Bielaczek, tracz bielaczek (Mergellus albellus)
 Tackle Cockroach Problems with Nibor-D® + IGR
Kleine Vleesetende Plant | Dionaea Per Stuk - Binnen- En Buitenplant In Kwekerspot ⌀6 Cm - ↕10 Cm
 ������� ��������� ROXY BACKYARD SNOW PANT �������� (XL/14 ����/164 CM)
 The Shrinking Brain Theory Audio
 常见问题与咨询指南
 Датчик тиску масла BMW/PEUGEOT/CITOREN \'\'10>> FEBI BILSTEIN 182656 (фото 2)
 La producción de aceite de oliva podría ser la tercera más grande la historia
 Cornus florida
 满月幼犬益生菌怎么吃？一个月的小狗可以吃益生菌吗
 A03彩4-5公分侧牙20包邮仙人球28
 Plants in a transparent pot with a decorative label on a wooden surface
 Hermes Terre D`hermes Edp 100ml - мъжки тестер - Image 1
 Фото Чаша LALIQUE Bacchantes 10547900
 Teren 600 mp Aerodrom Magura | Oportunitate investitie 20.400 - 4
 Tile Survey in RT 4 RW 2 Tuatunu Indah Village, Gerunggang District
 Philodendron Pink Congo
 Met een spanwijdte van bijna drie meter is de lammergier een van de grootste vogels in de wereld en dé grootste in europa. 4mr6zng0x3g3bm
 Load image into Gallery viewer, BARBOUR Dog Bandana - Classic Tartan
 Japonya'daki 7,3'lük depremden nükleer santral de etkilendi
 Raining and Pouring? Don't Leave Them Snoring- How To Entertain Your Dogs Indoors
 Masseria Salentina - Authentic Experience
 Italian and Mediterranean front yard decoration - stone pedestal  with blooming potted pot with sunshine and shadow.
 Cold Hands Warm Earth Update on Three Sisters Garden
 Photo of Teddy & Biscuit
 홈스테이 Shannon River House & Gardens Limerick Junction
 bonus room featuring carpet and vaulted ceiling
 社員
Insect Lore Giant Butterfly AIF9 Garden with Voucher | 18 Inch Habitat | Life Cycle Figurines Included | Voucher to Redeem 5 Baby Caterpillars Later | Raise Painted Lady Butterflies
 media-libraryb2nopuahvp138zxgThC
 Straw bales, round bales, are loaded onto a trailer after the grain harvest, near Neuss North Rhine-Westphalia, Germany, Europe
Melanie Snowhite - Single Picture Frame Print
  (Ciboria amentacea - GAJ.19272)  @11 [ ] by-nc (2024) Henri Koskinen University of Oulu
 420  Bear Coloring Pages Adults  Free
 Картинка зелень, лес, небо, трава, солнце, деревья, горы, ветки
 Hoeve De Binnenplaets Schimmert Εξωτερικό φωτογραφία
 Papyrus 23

◆ ◆ ◆ ◆

What are the lines, exactly as written above, from the line with "Insect Lore Giant" to the line with "media-libraryb2nopuahvp138zxgThC", both included? Output only those.

Insect Lore Giant Butterfly AIF9 Garden with Voucher | 18 Inch Habitat | Life Cycle Figurines Included | Voucher to Redeem 5 Baby Caterpillars Later | Raise Painted Lady Butterflies
 media-libraryb2nopuahvp138zxgThC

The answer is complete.